**What the task requires:** Your copy should match the records exactly, except that no pictures appear in it.

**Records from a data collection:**
____________

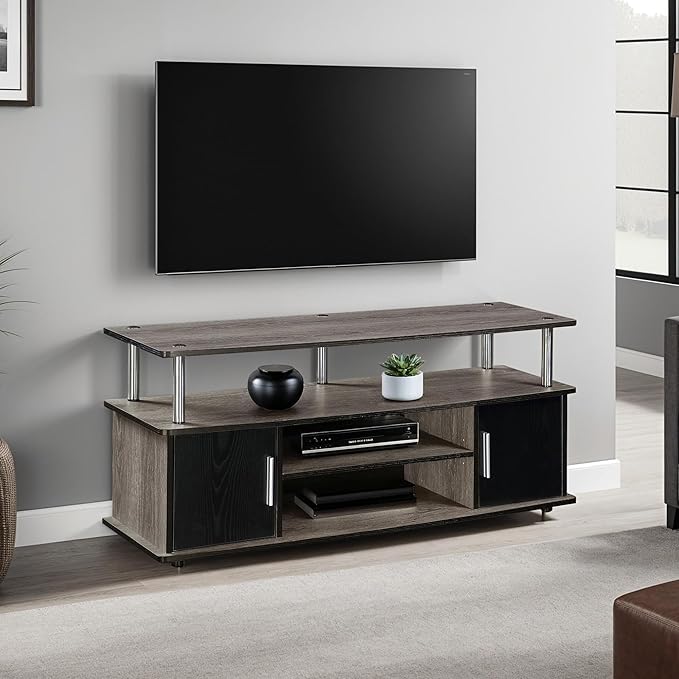 Convenience Concepts Designs2Go Monterey Stand Family Entertainment Center with Storage Cabinets and Shelves, Modern TV Console for Living Room, Office, 47.25", Gray, Black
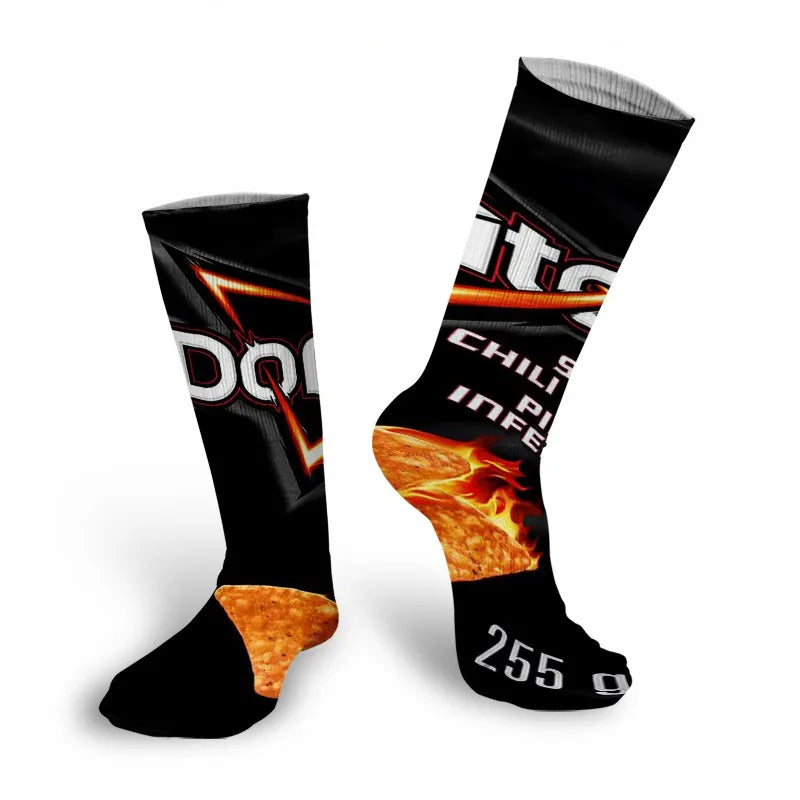 Creativity Long Socks Female Art 3D Printed Potato Chips Tomato Qme style6 One Size China Mainland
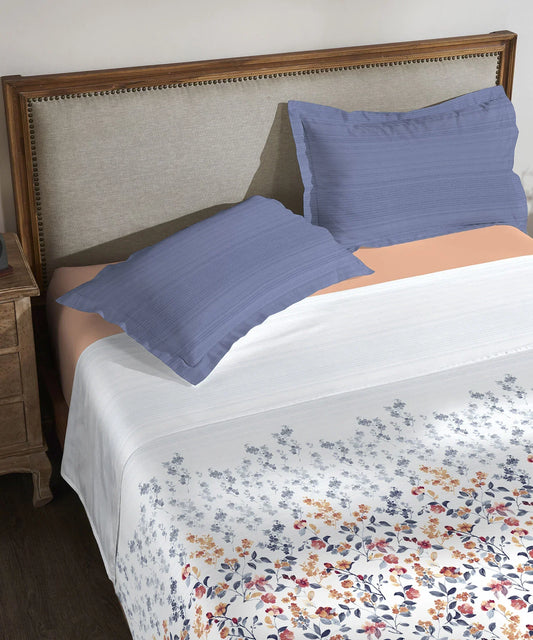 my Trident Printed King Bedsheet with 2 Pillow Covers 100% Pure Cotton - enera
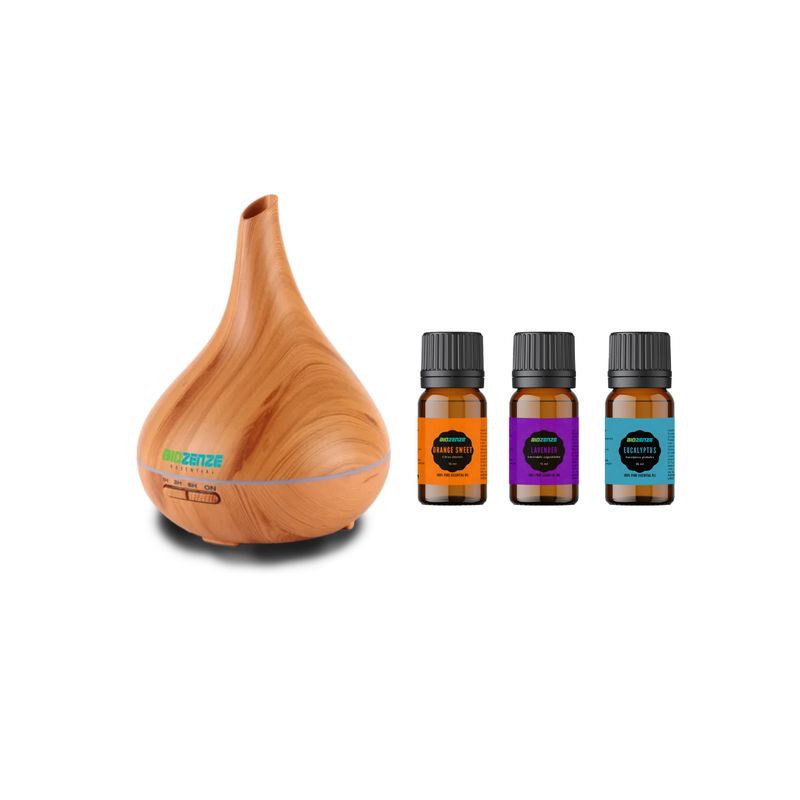 GENERICO - Humificador + Pack 3 Aceite Esencial Eucalipto, Lavanda, Naranja Biozenze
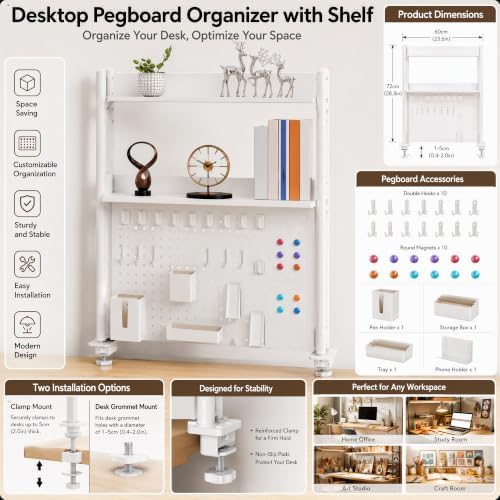 3-Tier Desk Organizer Shelf, Adjustable Pegboard Bookshelf, White - Image 3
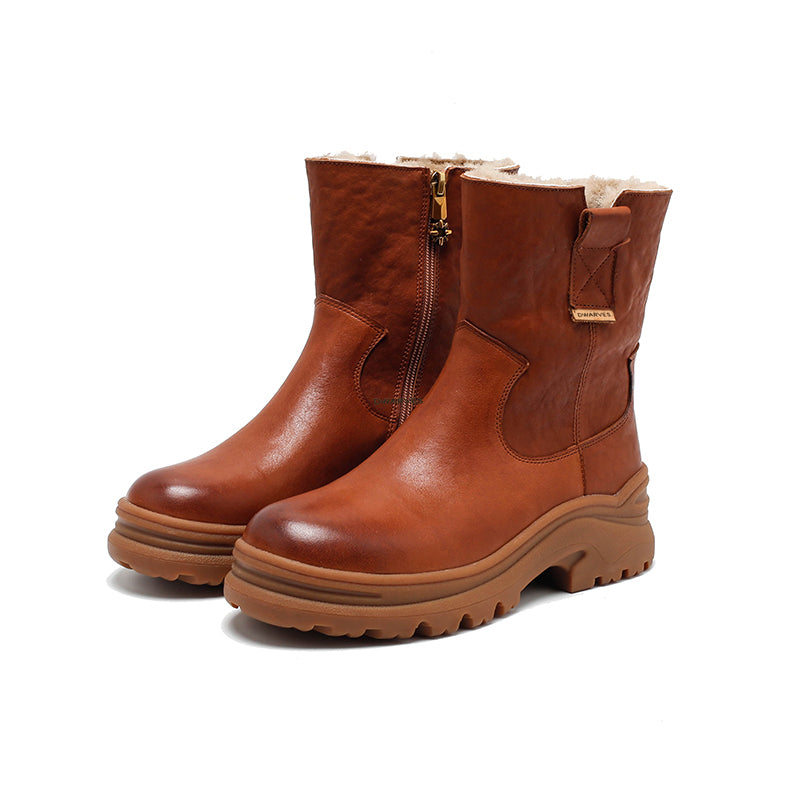 Handmade Leather Short Boots Snow Boots Have Fleece Lined for Cold Winter in Black/Brown/Coffee - Image 12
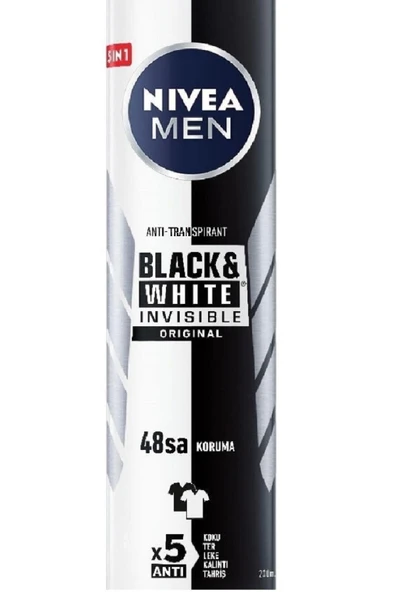 Nivea Men Invisible Black&White Original Erkek Sprey Deodorant 2 x 200 ML - 2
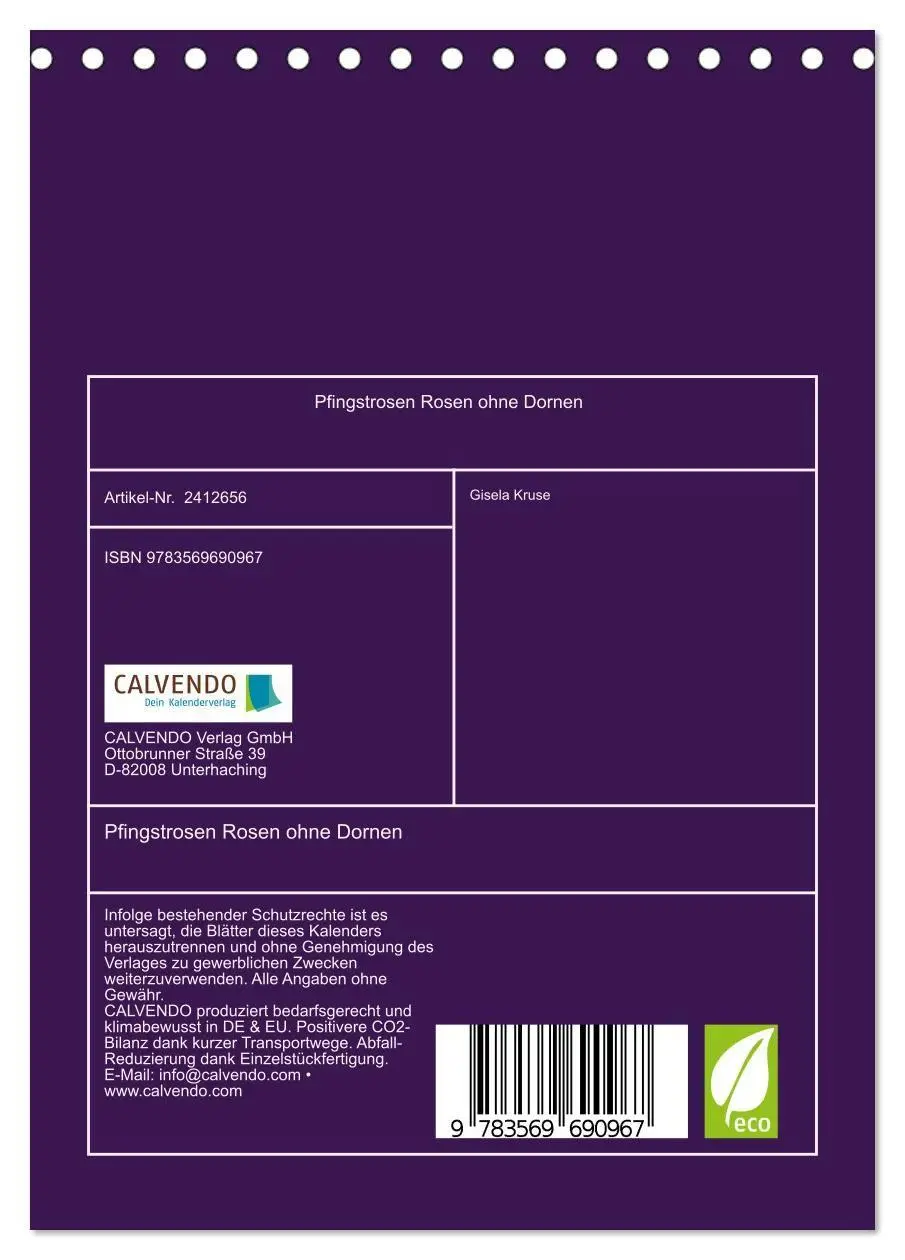 Bild: 9783569690967 | Pfingstrosen Rosen ohne Dornen (Tischkalender 2027 DIN A5 hoch),...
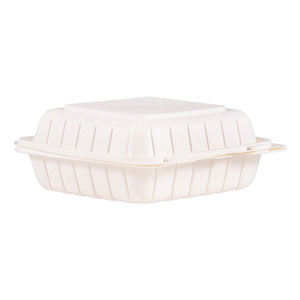 Hinged Lid Single Compartment Containers, 8.3" X 8" X 3", White, 150-carton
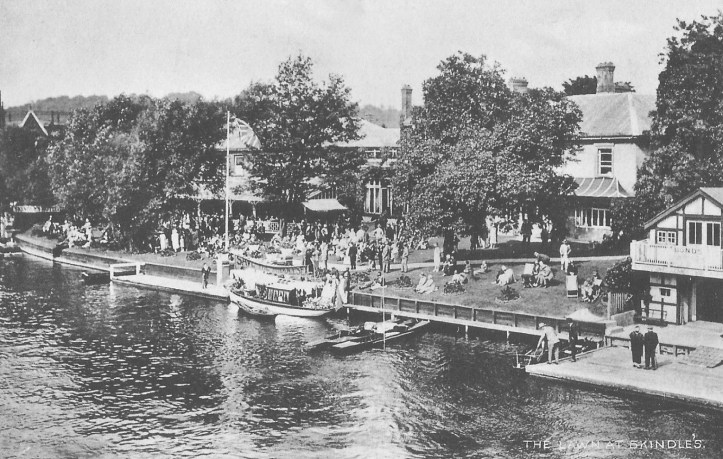 The most common view of Skindles – from the river. This picture is probably from the 1930s and the building on the left (with the veranda) was possibly built or adapted in 1883 as the Guards Club ballroom and bar.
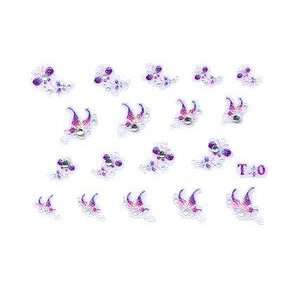  Purple Butterflies Rhinestone Nail Stickers/Decals: Beauty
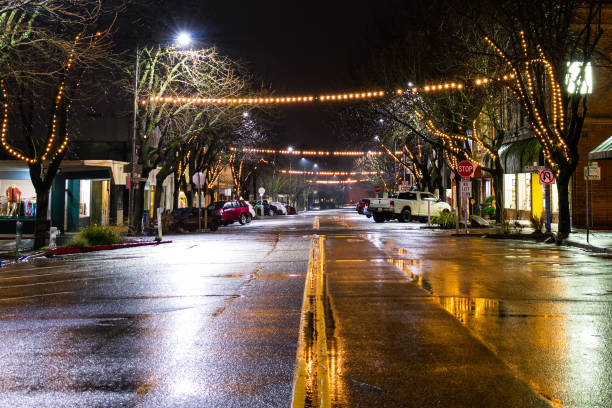 istock Wet Street Downtown At Night 645564570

____________

**Output for this exercise:**
 Convenience Concepts Designs2Go Monterey Stand Family Entertainment Center with Storage Cabinets and Shelves, Modern TV Console for Living Room, Office, 47.25", Gray, Black
 Creativity Long Socks Female Art 3D Printed Potato Chips Tomato Qme style6 One Size China Mainland
 my Trident Printed King Bedsheet with 2 Pillow Covers 100% Pure Cotton - enera
 GENERICO - Humificador + Pack 3 Aceite Esencial Eucalipto, Lavanda, Naranja Biozenze
 3-Tier Desk Organizer Shelf, Adjustable Pegboard Bookshelf, White - Image 3
 Handmade Leather Short Boots Snow Boots Have Fleece Lined for Cold Winter in Black/Brown/Coffee - Image 12
 Nivea Men Invisible Black&White Original Erkek Sprey Deodorant 2 x 200 ML - 2
 Bild: 9783569690967 | Pfingstrosen Rosen ohne Dornen (Tischkalender 2027 DIN A5 hoch),...
 Hinged Lid Single Compartment Containers, 8.3" X 8" X 3", White, 150-carton
 The most common view of Skindles – from the river. This picture is probably from the 1930s and the building on the left (with the veranda) was possibly built or adapted in 1883 as the Guards Club ballroom and bar.
  Purple Butterflies Rhinestone Nail Stickers/Decals: Beauty
 istock Wet Street Downtown At Night 645564570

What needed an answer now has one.